Denial of Service (DoS) attacks are some of the oldest and most common cybersecurity problems. Rather than try to steal sensitive information, DoS attacks simply seek to destructively disrupted the targeted service. Over the last year we at SRLabs we have been monitoring internet traffic via honeypots and identified some recent trends and evolutions in the DoS field. 

Currently, reflected Distributed DoS (Figure 1) attacks are the most common way to attempt to send large amounts of data to the target. This type of attack is UDP-based and consists of using an intermediate host by changing the source IP in the initial requests generated by the attacker to direct the server responses to the actual target (IP spoofing). That way, the attacker does not send requests directly to a target, but to an initial server that then directs its response to the actual target. Instead of directly generating the initial requests themselves, attackers usually leverage networks of previously compromised hosts that they control (botnets) to generate a high quantity of initial requests.

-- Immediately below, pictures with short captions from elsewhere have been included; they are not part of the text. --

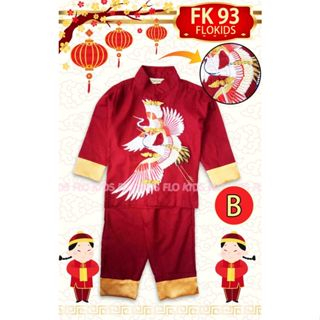 Cheongsam Anak Cowok Impor Baju Imlek CNY Maroon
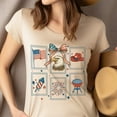 thumbnail image 4 of Patriotic Icons Stamp Shirt for Men, American Flag Bald Eagle BBQ Graphic Tee, Ash, Size M, 4 of 6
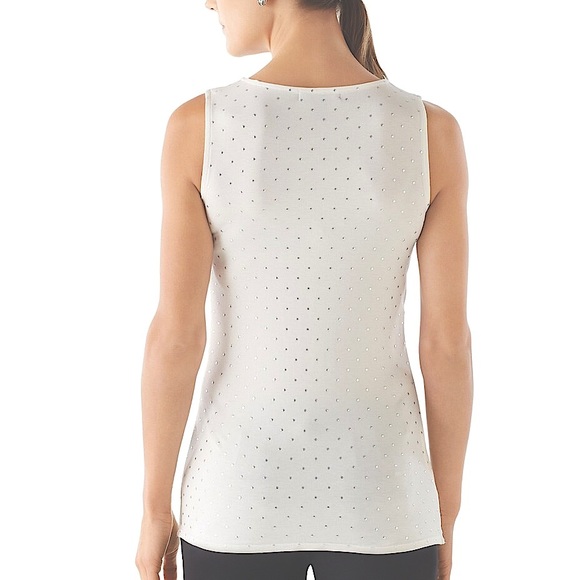 WHBM STUDDED CREAM DRAPE NECK TOP - Picture 3 of 3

Figure 1: Reflected amplified DDoS attack scheme with intermediate botnet

Hand in hand with reflected DDoS go amplification attempts. These are a variation of reflected DDoS attacks in that the intermediate host forms a reply that is bigger than the request made by the attacker. That is, the response packet is larger in size than the request packet.

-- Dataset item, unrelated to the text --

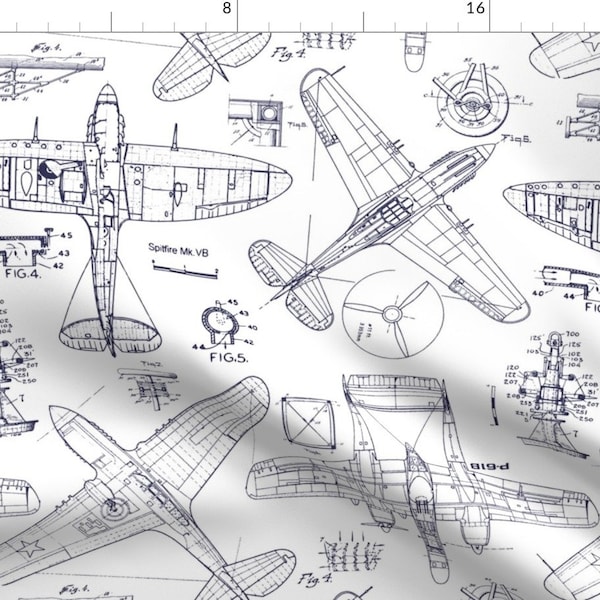 Airplane Fabric - Airplane Patent Drawings by red_raspberry_design - Aviation Aeroplane Plane Sketches Fabric by the Yard by Spoonflower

To illustrate this technique, we can use one of the most requested ports in our honeypot and what hackers have been trying to accomplish by leveraging it. Port 19, usually related to the Chargen service, received more than 40 million requests, and was found open in 78,000 devices by Shodan

Chargen is a legacy testing service that, in a traditional set up, accepts UDP connections, takes as little input as a character from the client request and sends a response with a list of printable characters of variable length, as shown in Figure 2. By spoofing the IP of the request, attackers can leverage this functionality and achieve an amplification of their requests targeting a third-party host.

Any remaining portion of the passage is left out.